À la demande du Parti socialiste, l’Ifop vient de réaliser un sondage sur les prochaines municipales à Nantes. Totalement à rebours des élections européennes, il tend à raffermir les positions de Johanna Rolland. Et vient à point étayer une campagne de presse aux forts accents de manœuvres politiques…
Depuis plusieurs jours, une campagne de presse insidieuse se développe dans les quotidiens du groupe Ouest-France. Elle a commencé par la publication dans Presse-Océan d’un « off » d’un apparatchik PS non nommé qui juge Johanna Rolland indéboulonnable, faute de personnalité écolo ou En Marche suffisamment connue et populaire.

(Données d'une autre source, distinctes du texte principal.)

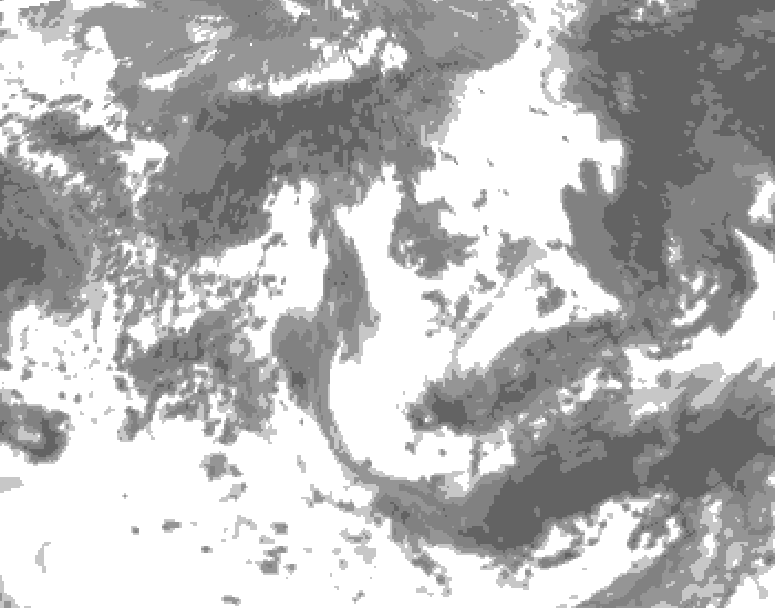 GDPS total cloud 180 hour forecast chart for Canada based on 2025/05/15 1200Z data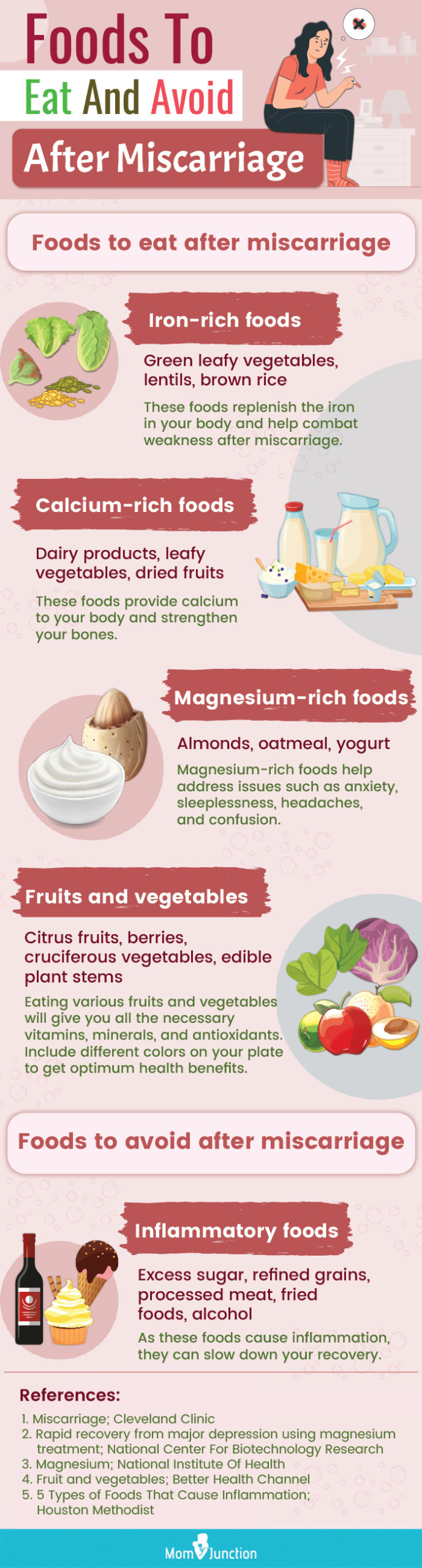 foods to eat and avoid after miscarriage (infographic)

La campagne se poursuit par ce sondage, abondamment expliqué dans Ouest-France lundi, alors que le même quotidien se montre étonnamment peu disert sur la rencontre entre Johanna Rolland et les nantais samedi. Et pour cause, c’est un flop total, qui témoigne du niveau réel du « fort soutien » des Nantais. En même temps que le sondage – et pourquoi pas sur la même page ? – ça ferait quelque peu désordre.
Comment dissuader les Verts d’y aller seuls ?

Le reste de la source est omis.